Isolation and characterization of human umbilical cord derived mesenchymal stem cells (hucMSCs). (A) Freshly collected umbilical cords were washed and cut into smaller pieces to attach on culture flasks surface for explant culturing. Passage 0 (a) cells started to release from explant, Passage 1 (b) and Passage 2 (c) cells show spindle-shaped fibroblast like appearance (Phase contrast; 10X); (B) Immunophenotyping of hucMSCs by flow cytometry showing positive expression of CD44, CD90 and CD73 and negative expression of CD146 and CD8. Mouse IgG antibody was used as isotype control; (C) Osteogenic, chondrogenic, and adipogenic differentiation of hucMSCs was detected by alizarin red, alcian blue and oil red O staining respectively (Phase contrast; 20X).

Fig. 1.

Isolation and characterization of human umbilical cord derived mesenchymal stem cells (hucMSCs). (A) Freshly collected umbilical cords were washed and cut into smaller pieces to attach on culture flasks surface for explant culturing. Passage 0 (a) cells started to release from explant, Passage 1 (b) and Passage 2 (c) cells show spindle-shaped fibroblast like appearance (Phase contrast; 10X); (B) Immunophenotyping of hucMSCs by flow cytometry showing positive expression of CD44, CD90 and CD73 and negative expression of CD146 and CD8. Mouse IgG antibody was used as isotype control; (C) Osteogenic, chondrogenic, and adipogenic differentiation of hucMSCs was detected by alizarin red, alcian blue and oil red O staining respectively (Phase contrast; 20X).

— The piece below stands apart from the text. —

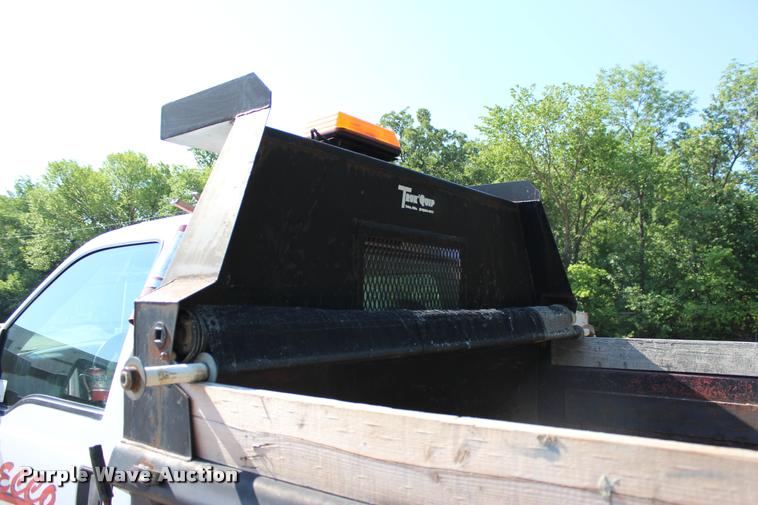 image for item L3179 2000 Ford F550 XL dump truck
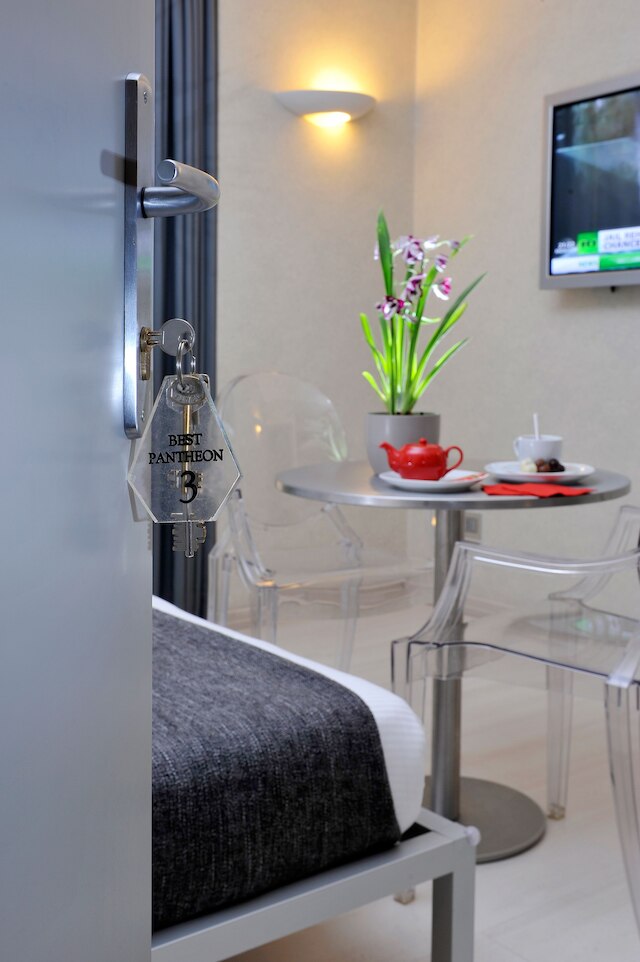 ベスト パンテオン B&B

hucMSCs treated to differentiate into adipocytes showed morphological changes and displayed the accumulation of lipid vacuoles, which stained positively with Oil Red O. hucMSCs cultured in osteogenic differentiation medium showed morphological changes and stained red with alizarin red, indicating the presence of calcium deposits in differentiated cells while hucMSCs cultured in chondrogenic differentiation medium also showed morphological changes and stained blue with Alcian Blue, indicating the presence of proteoglycans deposits in differentiated cells (Fig. 1C). These characteristic features confirm that the isolated cells are stem cells.

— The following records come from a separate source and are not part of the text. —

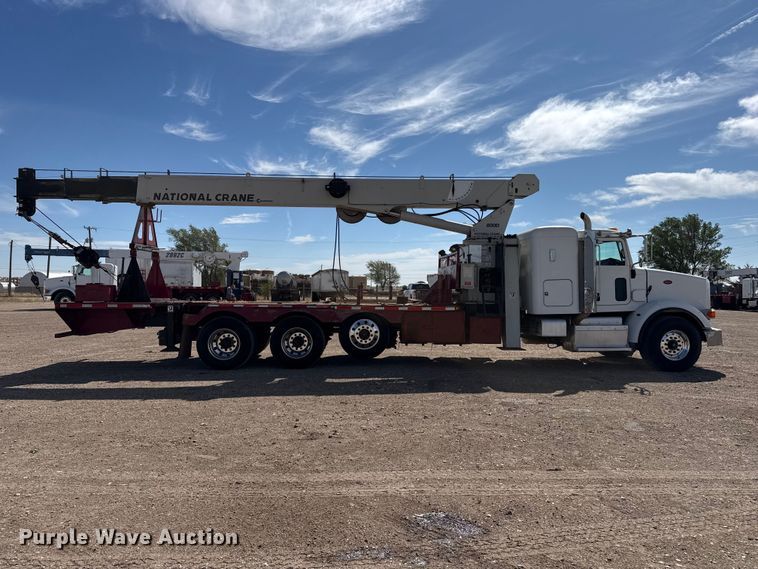 image for item DH1933 2013 Peterbilt 365 crane truck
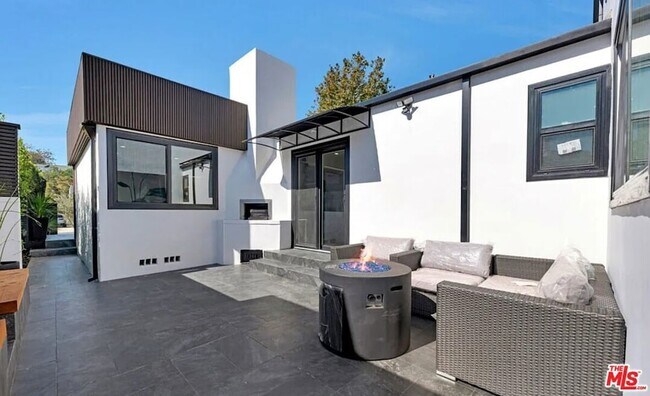 Building Photo - 418 N Bowling Green Way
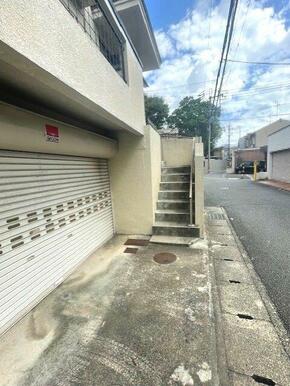 車庫前のアプローチ♪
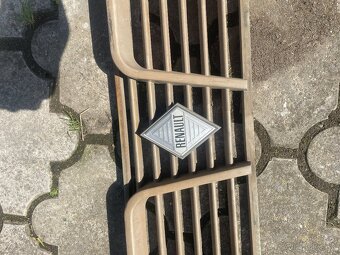 Predám originálnu prednú masku Renault R6/6 - 7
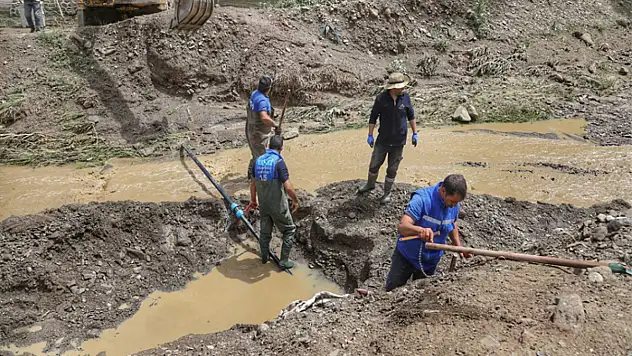 Sel bölgelerinde vatandaşlara su desteği
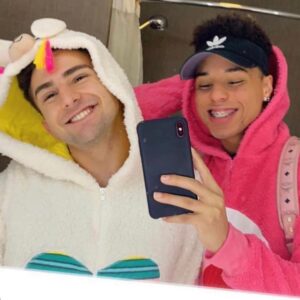 Issa Twaimz Instagram - happy valentine’s day to the only man i will ever trust and that’s on chicken little period🐥🦆💕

Cytotoxicity assessment of small molecule CHIR99021

To determine the cytotoxic effect of CHIR99021 compound on viability of hucMSCs, we performed MTT colorimetric assay in which the higher number of viable cells shows a dark blue formazan product, compared to less number of viable cells. Therefore, in MTT assay higher absorbance correlates with healthy cell population. Different concentrations of CHIR99021 (3 µM, 5 µM and 7 µM) were not appear cytotoxic to cells (Fig. 2). We used 5 µM of CHIR99021 in subsequent experiments.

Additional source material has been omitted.